The term “glass cliff” refers to an idea that women are more likely to receive top-tier or CEO positions at organizations during times of crisis or (financial) turmoil. It was developed roughly a decade ago, as a result of research carried out by professors Michelle K. Ryan and Alexander Haslam of the University of Exeter. It is a trend that apparently occurs in both business and politics.

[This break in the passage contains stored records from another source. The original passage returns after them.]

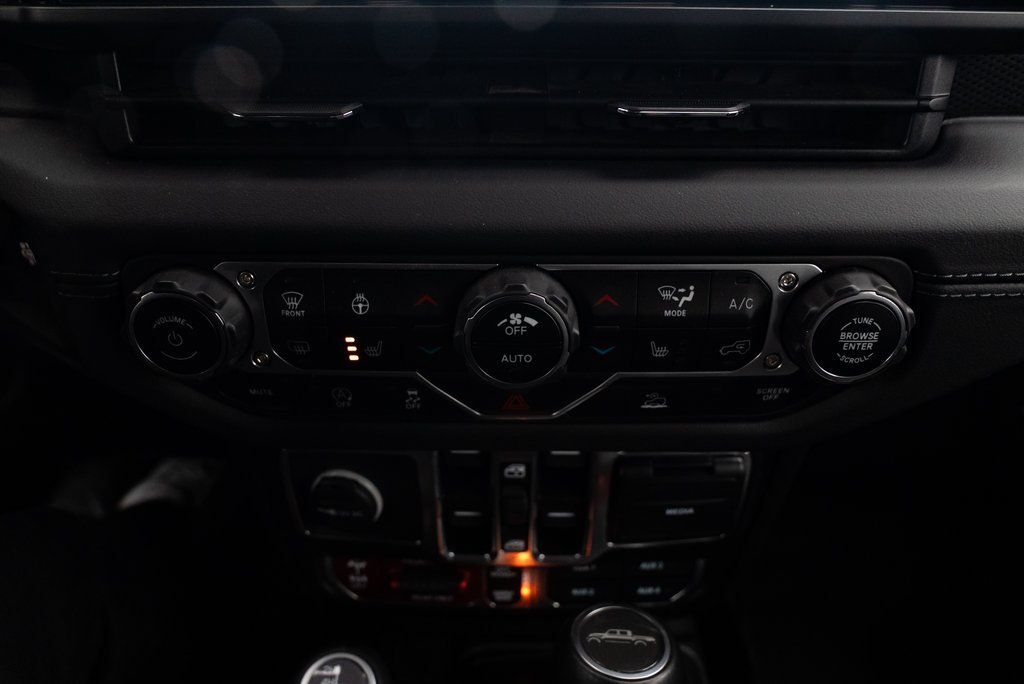 2024 Jeep Gladiator Rubicon Milwaukie OR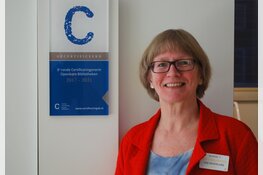 KopGroep Bibliotheken gecertificeerd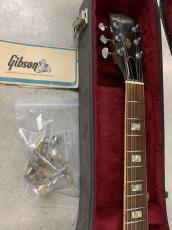 Gibson Gibson ES-335TD Walnut 1973〜75年製 オリジナルPAF!_6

A 2015 study published in The Leadership Quarterly studied the appointment of CEOs to Fortune 500 companies. The study found that women are statistically much more likely to be appointed during times of crisis, and much less likely to be appointed during times of financial success. This often leads to said women being held responsible for the issues faced by an organization, even if these issues developed prior to her promotion or appointment. A Forbes Article, titled ‘The 'Glass Cliff' Phenomenon That Senior Female Leaders Face Today And How To Avoid It’ makes the same point.
A lot of discussion surrounds this subject. It can be debated whether this is a forum of using women as a scapegoat, thus a form of misogyny; or whether it is rather an attempt at rebranding a company, and providing it with a new face. Recently, some articles questioned whether Theresa May’s becoming Britain’s new prime minister is another example that supports the existence of the glass cliff — since she is taking up the office in a time when the UK is facing the Brexit crisis. Though there is not enough precedent of female prime ministers in Britain to be able to assess whether this is part of a reoccurring political trend.

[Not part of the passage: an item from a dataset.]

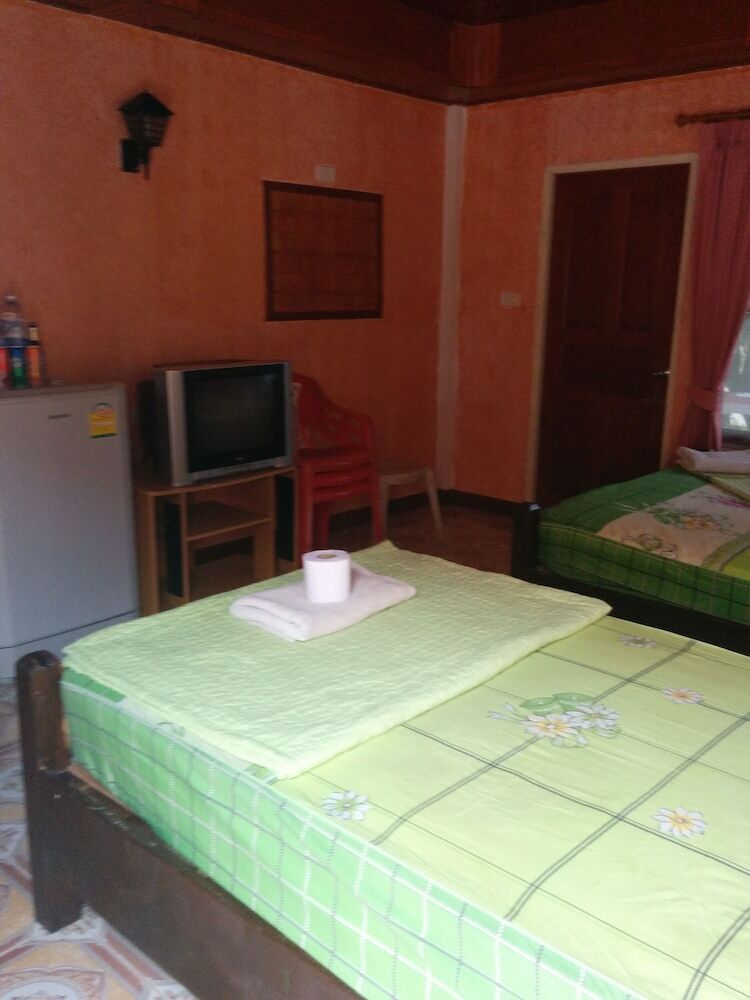 Apartamento Friendly Resort & Spa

Nevertheless, the glass cliff is widely held to be a real trend. The University of Exeter dedicates a department to the study of the phenomenon, and there is a wide range of academic studies available on the subject.
Facing the Glass Cliff
The Internet contains many articles that aim to tell women how to avoid the glass cliff, or at least see it coming. Such articles include the above-mentioned Forbes article, as well as an article published by Fast Company titled “How Women and Minority Leaders Can Avoid the Glass Cliff” for instance. It is unclear who exactly is at fault for the occurrence of this trend.
According to these guides, avoiding the glass cliff can be done by increasing your understanding of your own capabilities, and the organization you work for. So, they advise, women need to be aware of their own strengths and weaknesses, in order to understand when they are truly qualified for a position they are being offered, or whether it may be presented to them with ulterior motives. Being aware of how the organization they are employed by is performing can also help them know if they are being offered a certain position in a time of trouble.
Although the reasons for the occurrence of the glass cliff phenomenon likely lie beyond the actions of individual women, there may be value in this advice. Aiming to familiarize yourself with your employer, or learning to assess your own efficiency as an employee, is likely a good idea. As such, this may be advice worth listening to. Regardless of whether you ever come to face the glass cliff, learning to look out for it may make you a better worker.